In the year before the economy collapsed, the paychecks of private college presidents continued to climb, according to a new analysis by the Chronicle of Higher Education. The typical president of a private college got a raise of more than $26,000, or 6.5 percent, to bring the total pay package up to $358,746. Pay was higher and rose even faster at major private research universities: The median pay of $627,750 at those institutions represented a one-year jump of 15.5 percent. In addition, the Chronicle found that 85 of the 419 private colleges surveyed were paying at least one former employee more than $200,000.
Chronicle researchers noted that the numbers were for the fiscal year ending June 30, 2008—the most recent data available—and the salary inflation might have been reined in since the recession began. For example, many university presidents have accepted pay cuts or reduced bonuses in the past year.
News of the rising costs of administrators comes as colleges continue to raise their tuition faster than inflation. The College Board reported last month that the average private university has raised tuition by almost $4,000 since 2006 to $26,273, 10 percentage points faster than inflation.
Republican Sen. Charles Grassley of Iowa said the survey made him "wonder if these colleges are giving away the store when they sign contracts with employees." He said raises for administrators seem "out of sync with the reality for most parents and students who are trying to pay for college in the midst of high unemployment and after savings for education were either wiped out or greatly diminished last year due to the stock market falling."
A spokesman for an association of private colleges pointed out that while "sticker prices" of private colleges had been rising, the schools had been giving out so many more scholarships that the average net price students actually paid for tuition had dropped by more than $1,000 since 2005 to slightly less than $12,000.
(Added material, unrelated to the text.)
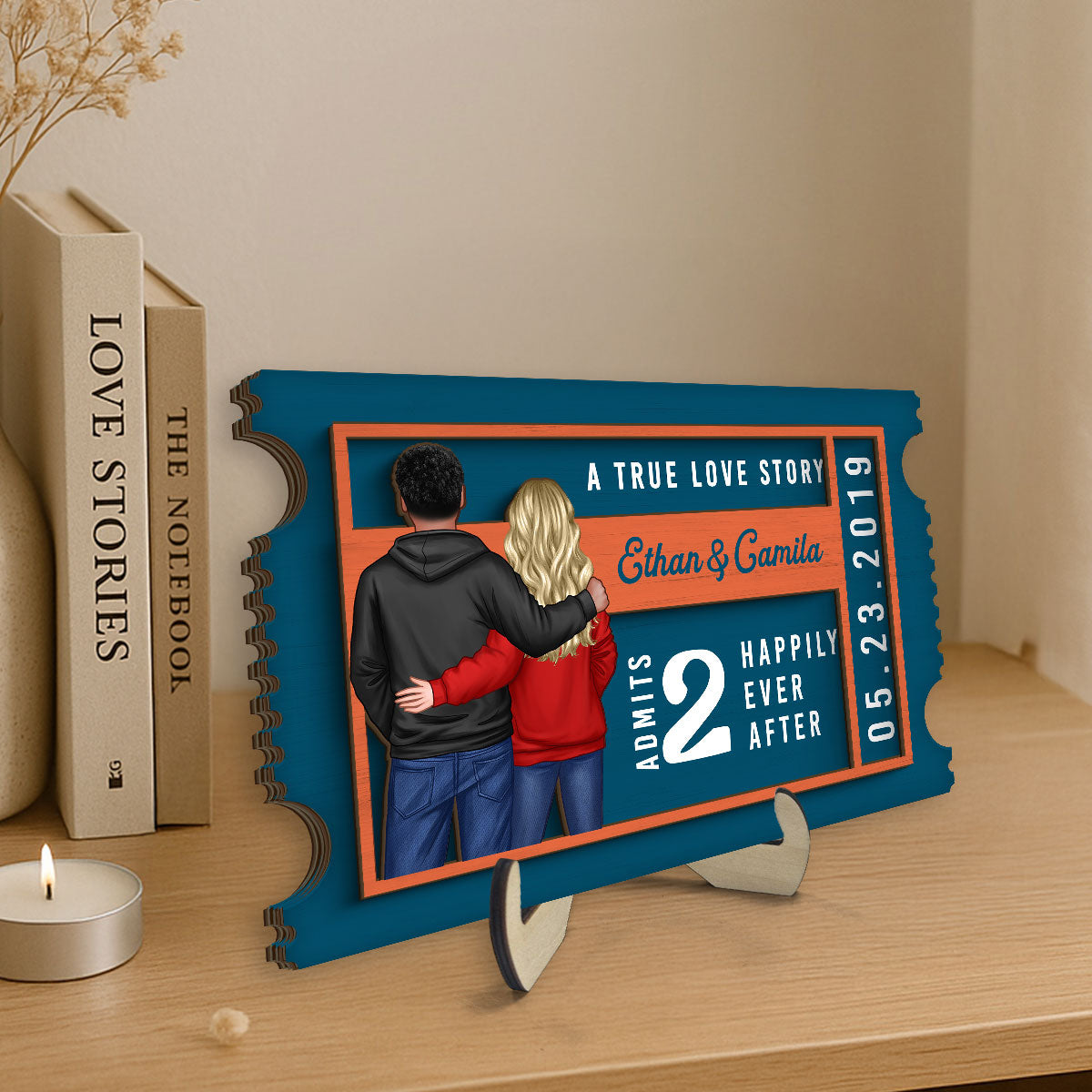 Couple True Love Story Ticket Personalized 2-Layer Wooden Plaque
In addition, said Tony Pals, director of public information for the National Association of Independent Colleges and Universities, "presidential compensation packages make up an incredibly small percentage of overall college budgets—in most cases, less than 1 percent. No serious study of college cost drivers has ever listed presidential compensation as a reason for rising college costs and prices. "
But the report indicated that at some colleges, presidential pay appears to add several hundred dollars to each student's bill. The typical college president's salary costs about $136 per student. U.S. News calculations show that students at some private colleges have been paying hundreds of dollars more apiece for their presidents while those at some of the highest-ranked universities with large enrollments end up paying only a few dollars each for their president. Colleges say the size of the university is only one of many factors that decide a president's pay.
For example, Steadman Upham, president of the University of Tulsa, was ranked as the third-highest-paid president of a private college in the country, with a total compensation package of almost $1.5 million. But Tulsa has only about two-thirds the number of students of Rensselaer Polytechnic Institute, which paid its president, Shirley Ann Jackson, the highest salary earned by a private college president that year—$1.6 million. So while Jackson's salary divides out to about $250 per RPI student, Upham cost his students more than $350 apiece.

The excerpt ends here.